=== Work to complete ===
Images are not part of the copy; transcribe all the data exactly.

Supplied data: Begin

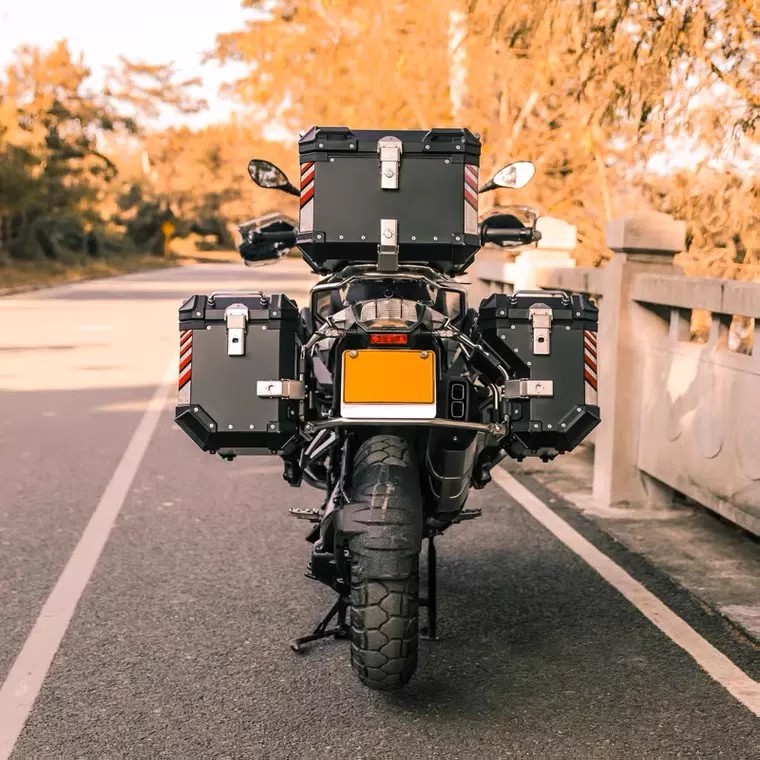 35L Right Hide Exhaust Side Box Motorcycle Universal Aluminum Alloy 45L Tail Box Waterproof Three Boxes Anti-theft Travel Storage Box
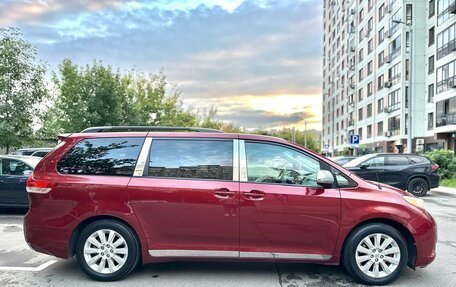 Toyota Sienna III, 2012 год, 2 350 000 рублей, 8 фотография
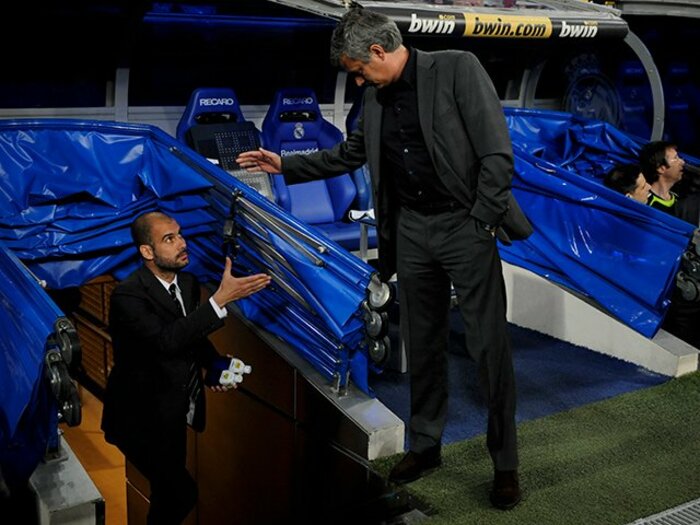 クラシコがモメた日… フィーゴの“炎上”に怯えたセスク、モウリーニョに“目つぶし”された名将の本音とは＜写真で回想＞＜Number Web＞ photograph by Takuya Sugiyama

Supplied data: End

=== Exercise result ===
 35L Right Hide Exhaust Side Box Motorcycle Universal Aluminum Alloy 45L Tail Box Waterproof Three Boxes Anti-theft Travel Storage Box
 Toyota Sienna III, 2012 год, 2 350 000 рублей, 8 фотография
 クラシコがモメた日… フィーゴの“炎上”に怯えたセスク、モウリーニョに“目つぶし”された名将の本音とは＜写真で回想＞＜Number Web＞ photograph by Takuya Sugiyama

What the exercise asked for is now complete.